Topic Models and Word Vectors

Leave a Comment

 










The Intertextual Hub is built around several different algorithms to facilitate document search, similarity and navigation. In previous posts in this series, I have examined the applications of sequence alignment, topic modeling, and document similarity in various contexts. A primary objective of the Hub is to direct attention to particular documents that may be of interest.  Arriving at a specific document to consult, the user is offered two views. One is a document browse mode, which provides links to similar documents and borrowed passages if detected. The second is to consult the Topic Distribution of the document. 

The left side of image above is top element of the Topic Model report for the Dénonciation a toutes les puissances de l'Europe : d'un plan de conjuration contre sa tranquilité général (link to text), an anonymous attack on the Club de 1789 published in 1790.  As mentioned in an earlier post in this series, the first topic, number 123, is clearly about elections, which does indeed reflect a section describing elections in the club constitution.  The lesser weighted topics in the document, 114, 111, 128 and so on, are all plausible topics of this document.  The right side of this image, shows word cloud, size reflecting weight, of the most distinctive vocabulary identified in this document.  This simple list is a considerably better guide to the specific content of the document, a denunciation of a conspiracy against the souverains of Europe to which is appended extracts from the constitution of the club.

Below the lists of Topics and Word Cloud of most distinctive tokens in Topic Model  report, there are two lists of 20 documents.  Below Topics are the top 20 documents identified by the similarity of topic distributions while below the Word Cloud are the top 20 documents as measured by similar vocabulary.  
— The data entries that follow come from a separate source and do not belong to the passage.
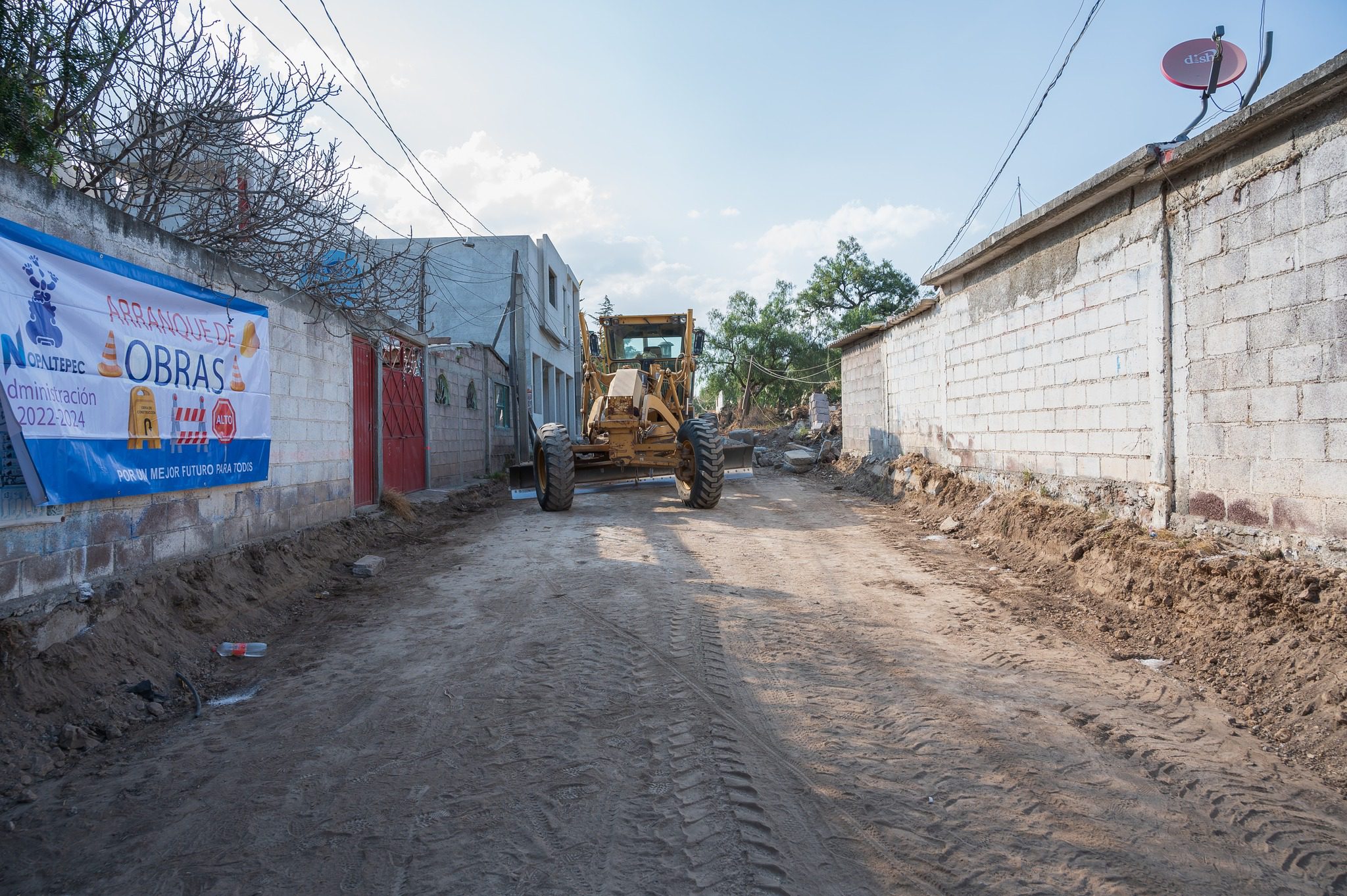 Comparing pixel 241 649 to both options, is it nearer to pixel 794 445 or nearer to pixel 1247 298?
pixel 1247 298

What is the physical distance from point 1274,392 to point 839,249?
30863 mm

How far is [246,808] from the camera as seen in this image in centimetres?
284

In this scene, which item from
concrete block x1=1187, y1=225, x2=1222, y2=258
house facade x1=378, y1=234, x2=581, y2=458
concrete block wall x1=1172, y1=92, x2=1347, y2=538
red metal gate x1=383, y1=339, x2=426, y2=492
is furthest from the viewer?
house facade x1=378, y1=234, x2=581, y2=458

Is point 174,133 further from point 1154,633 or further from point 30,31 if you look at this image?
point 1154,633

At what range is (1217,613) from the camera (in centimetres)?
455

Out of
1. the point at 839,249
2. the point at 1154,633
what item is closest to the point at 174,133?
the point at 1154,633

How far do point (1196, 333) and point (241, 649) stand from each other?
23.2ft

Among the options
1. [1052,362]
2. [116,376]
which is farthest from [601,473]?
[116,376]

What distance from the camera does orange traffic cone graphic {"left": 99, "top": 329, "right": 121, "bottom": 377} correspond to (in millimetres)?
4391

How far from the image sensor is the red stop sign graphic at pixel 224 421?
5.63 meters

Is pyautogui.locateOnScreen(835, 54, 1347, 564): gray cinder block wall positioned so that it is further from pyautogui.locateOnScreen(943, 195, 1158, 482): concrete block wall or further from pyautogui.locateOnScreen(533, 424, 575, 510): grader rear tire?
pyautogui.locateOnScreen(533, 424, 575, 510): grader rear tire

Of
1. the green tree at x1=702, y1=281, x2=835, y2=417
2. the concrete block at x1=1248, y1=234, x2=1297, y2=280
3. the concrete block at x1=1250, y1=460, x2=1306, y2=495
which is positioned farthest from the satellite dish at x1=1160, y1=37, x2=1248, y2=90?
the green tree at x1=702, y1=281, x2=835, y2=417

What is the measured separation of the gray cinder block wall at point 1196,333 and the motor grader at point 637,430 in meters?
4.18

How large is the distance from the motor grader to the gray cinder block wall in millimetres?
4176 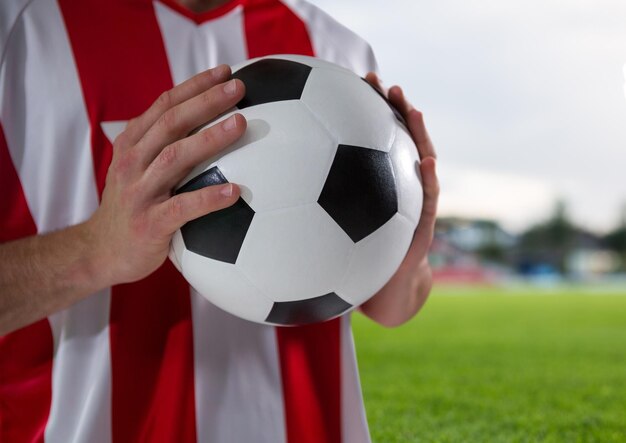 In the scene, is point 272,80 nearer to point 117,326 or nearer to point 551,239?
point 117,326

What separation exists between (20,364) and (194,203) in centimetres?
55

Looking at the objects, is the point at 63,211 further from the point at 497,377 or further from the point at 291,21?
the point at 497,377

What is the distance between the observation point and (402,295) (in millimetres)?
1358

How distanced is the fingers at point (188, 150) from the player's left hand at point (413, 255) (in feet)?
1.36

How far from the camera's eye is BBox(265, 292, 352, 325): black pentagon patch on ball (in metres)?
1.02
The first two entries on the right hand column are parts of Sieyès'  Ébauche d'un nouveau plan de société patriotique, adopté par le Club de mil sept cent quatre-vingt-neuf  (BNF), found in Dénonciation, followed by Condorcet's constitutional proposal of 1793.  The two lists represent two different ways to identify similar documents.  It is useful to note the overlaps between the two lists, since these are identified as being relevant by both measures:

The contrast between topics and most distinctive words can be very significant.  Mercier's brief chapter on Vaches in Tableau de Paris is striking.  There are no overlaps between the similar document links and on two words, animal and compagnie, appear in the topic words, and those for low weighted topics.  Other documents are marked by the relative alignment of topics and distinctive words.  The topic/word report for Lettres écrites à M. Cérutti par M. Clavière, sur les prochains arrangemens de finance (1790 text link) shows that the distinctive tokens are found frequently on the top topic model word lists and there is more overlap between the most similar documents.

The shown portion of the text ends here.